START PROVIDED MATERIAL
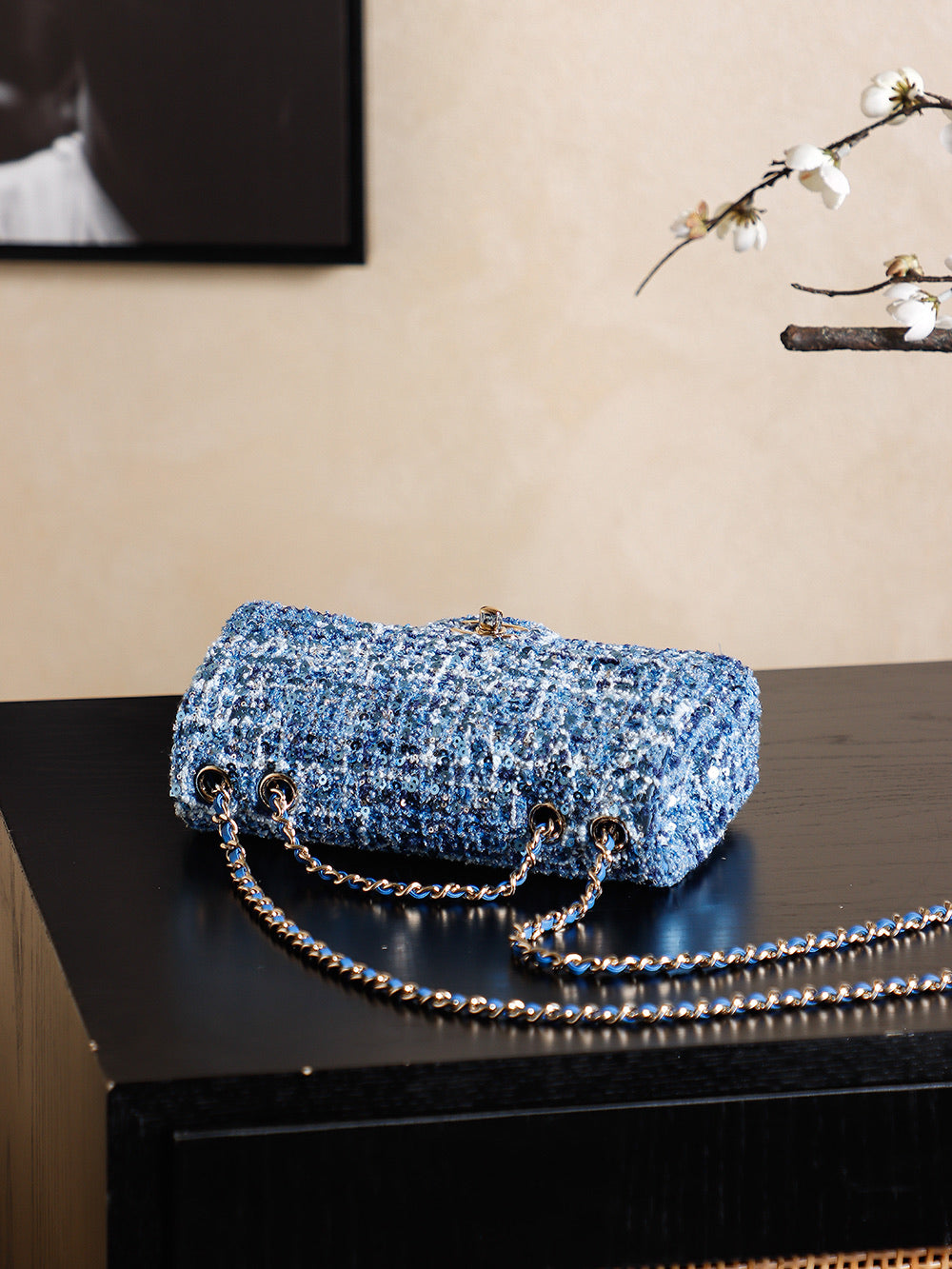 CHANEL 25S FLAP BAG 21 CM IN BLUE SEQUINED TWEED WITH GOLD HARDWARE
END PROVIDED MATERIAL
START PROVIDED MATERIAL
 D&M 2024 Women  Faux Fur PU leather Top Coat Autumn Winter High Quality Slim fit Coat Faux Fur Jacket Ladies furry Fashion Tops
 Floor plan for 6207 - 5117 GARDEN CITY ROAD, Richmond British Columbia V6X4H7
END PROVIDED MATERIAL
▶ **ASSIGNMENT**
Only those lines of the entries above that run from the line containing "D&M 2024 Women" to the line containing "Floor plan for", both included, should be transcribed exactly.

▶ **ANSWER SPACE**
 D&M 2024 Women  Faux Fur PU leather Top Coat Autumn Winter High Quality Slim fit Coat Faux Fur Jacket Ladies furry Fashion Tops
 Floor plan for 6207 - 5117 GARDEN CITY ROAD, Richmond British Columbia V6X4H7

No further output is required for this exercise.